------ SOURCE MATERIAL ------

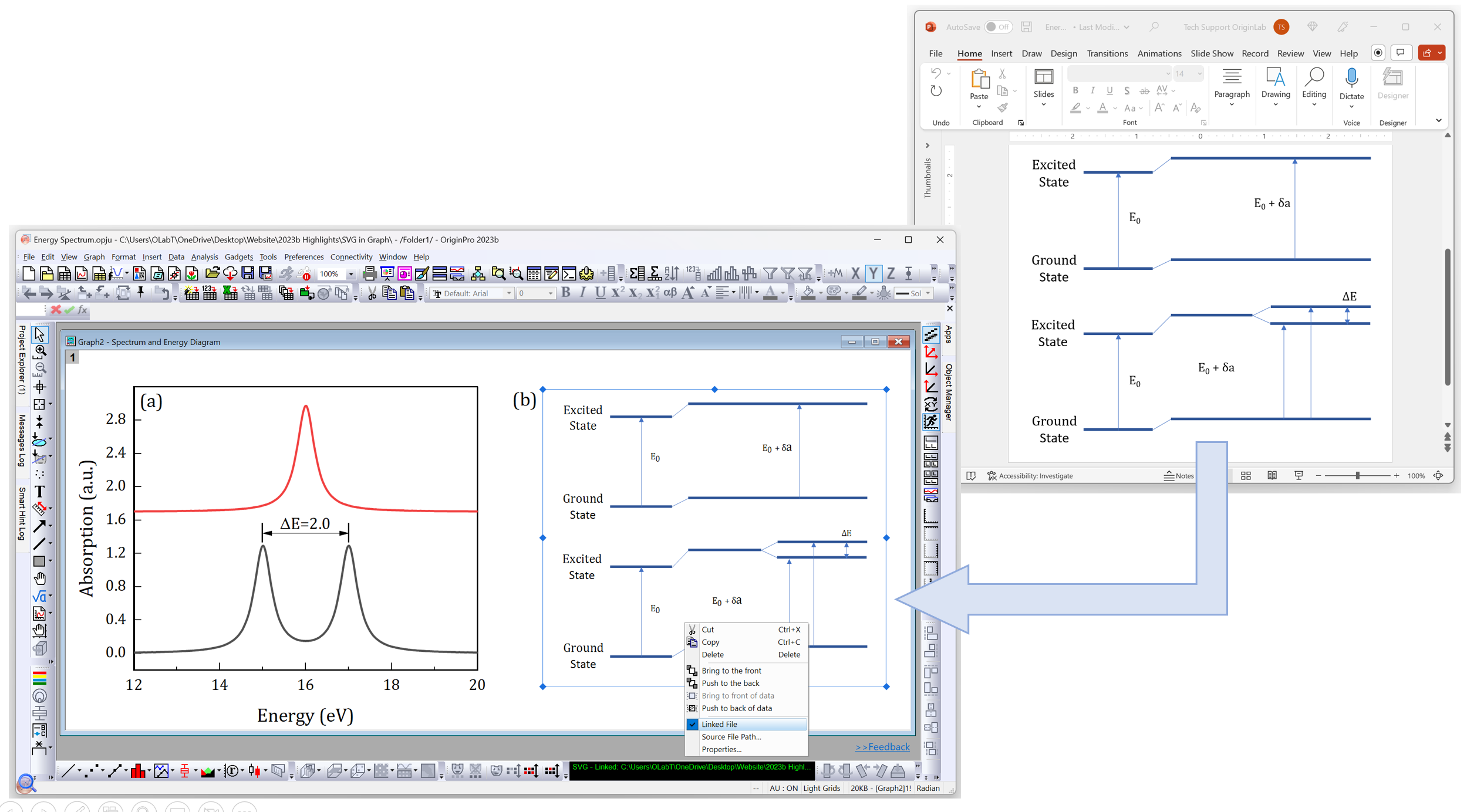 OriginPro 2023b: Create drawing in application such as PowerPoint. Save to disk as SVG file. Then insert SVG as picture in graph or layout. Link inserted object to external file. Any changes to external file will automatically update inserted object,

------
------ SOURCE MATERIAL ------

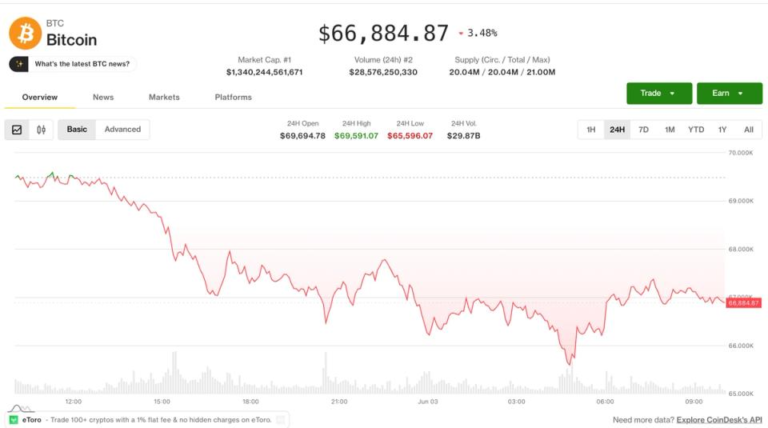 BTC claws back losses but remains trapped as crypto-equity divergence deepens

------
------ SOURCE MATERIAL ------

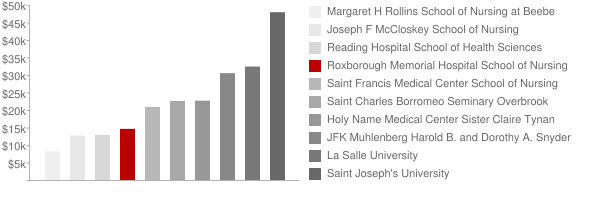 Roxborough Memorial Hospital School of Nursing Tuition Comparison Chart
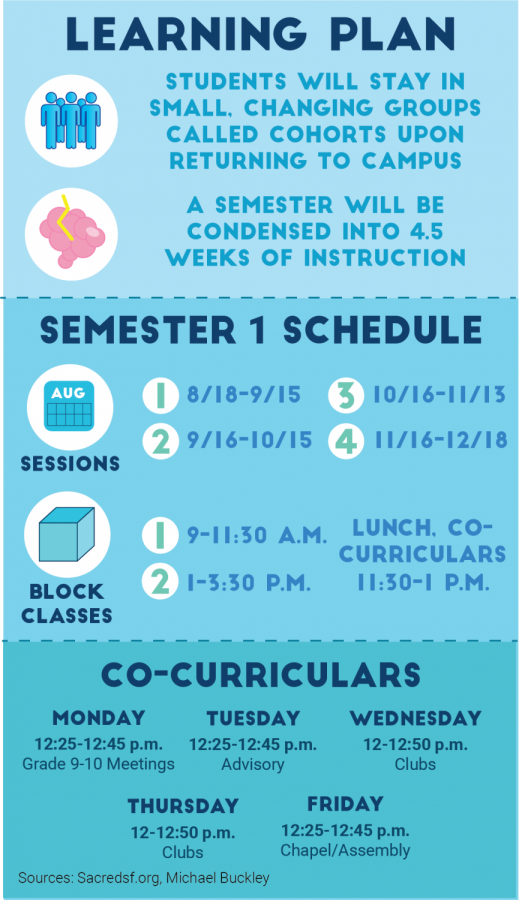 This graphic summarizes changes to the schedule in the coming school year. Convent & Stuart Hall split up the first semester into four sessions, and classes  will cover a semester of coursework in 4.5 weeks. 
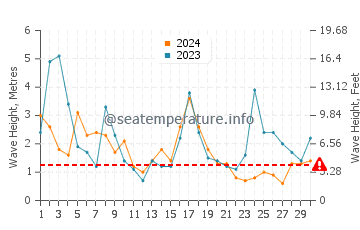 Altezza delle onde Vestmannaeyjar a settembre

------

WORK REQUIRED. From the records above, quote word for word only the lines beginning at the line that has "This graphic summarizes" and stopping after the line that has "Altezza delle onde". Omit the pictures.

WORKED SOLUTION.
 This graphic summarizes changes to the schedule in the coming school year. Convent & Stuart Hall split up the first semester into four sessions, and classes  will cover a semester of coursework in 4.5 weeks. 
 Altezza delle onde Vestmannaeyjar a settembre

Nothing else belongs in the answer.